##### Dataset section

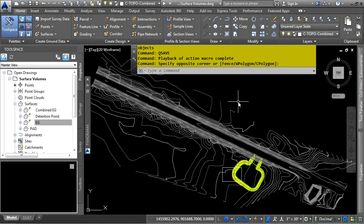In this video, we will discuss surface volumes. Please open the file surfacevolumes.dwg, located in the training folder as discussed in the Working With This Dataset video.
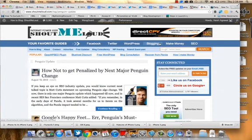Hey guys, Harsh here and today we are going to look into a very interesting tool, the Penguin and Panda checker tool.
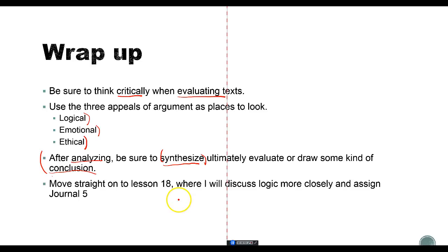That's it for this lesson. Move on to lesson 18, where I'm going to discuss logic a little more closely and give you journal 5 — another practice analysis where you'll compare two articles and draw a conclusion. That will be a good model for the next essay, which I'll give you in lesson 19. See you in the next one.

##########

● Work instructions: Output a faithful copy of the data, with each picture left out.

● Response area:
In this video, we will discuss surface volumes. Please open the file surfacevolumes.dwg, located in the training folder as discussed in the Working With This Dataset video.
Hey guys, Harsh here and today we are going to look into a very interesting tool, the Penguin and Panda checker tool.
That's it for this lesson. Move on to lesson 18, where I'm going to discuss logic a little more closely and give you journal 5 — another practice analysis where you'll compare two articles and draw a conclusion. That will be a good model for the next essay, which I'll give you in lesson 19. See you in the next one.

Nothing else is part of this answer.